That set of lyrics, with its verbal editing and revision, made me realize, yes, I do need this album. Nobody weaves a twisted narrative like Bejar. And the album's arrangements recall the best elements of '80s new wave and synth pop, with some heavier underlying grooves courtesy of bassist John Collins.
Bob Mould's Blue Hearts was the second rock album on my list. I really loved Sunshine Rock and was crushed that I didn't get to catch him on that tour. His playing on that album had more bite to it than I, as a casual fan, had heard in a while. But geez oh pete, Blue Hearts adds a heavy dose of bile to that bite. It sounds as if someone told Bob to write an album that reacts to all the shit that's gone down over the past few years, react to it and.... make a statement or two while you're at it.
He did that and he did it really well. "You can see how the lies divide us/ world turning darker every day in a fucked up USA/ can you look in the mirror and tell me everything's alright?" He hasn't sounded this pissed off - and on the money - since Everything Falls Apart.
I bought Blue Hearts in mid October, weeks before the election, after a horrible summer of unrest, leaving me in a state of high anxiety. The album doesn't really offer solutions. Spoiler alert - the narrator seems to kill himself in the final song by walking off into the waves. But it was nice to know that someone else felt the same way I did, and was raging about it.

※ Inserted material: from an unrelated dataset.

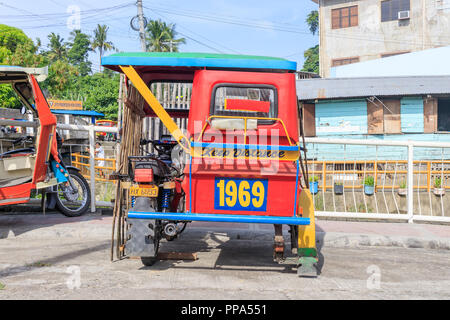 Tacloban City, Philippines - 12 juin 2018 : un tricycle aux Philippines Banque D'Images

The final offering in my list is Wendy Eisenberg's Auto. The guitarist is someone I've written about here on a couple of occasions, usually as an improvisor, a potentially noisy one at that. Auto on the other hand finds her going into more of a free-folk direction. Apparently, it was somewhat inspired by Joni Mitchell (someone who I can never get into) but to these ears, Eisenberg almost sounds like the wilder, more imaginative younger sister of Mary Timony. The songs occasionally move in a linear fashion but more often they're marked by twists and turns. Like the other two albums, Auto comes with a lyric sheet (which much like Mould's lyric sheet, is a challenge to follow due to its layout). But it's worth the effort in the end.
Speaking of year-end reflections, it's usually time to the NPR Jazz Critic Poll to pop up around this time, but I've yet to see it. That's ironic too since I got my tally in on time.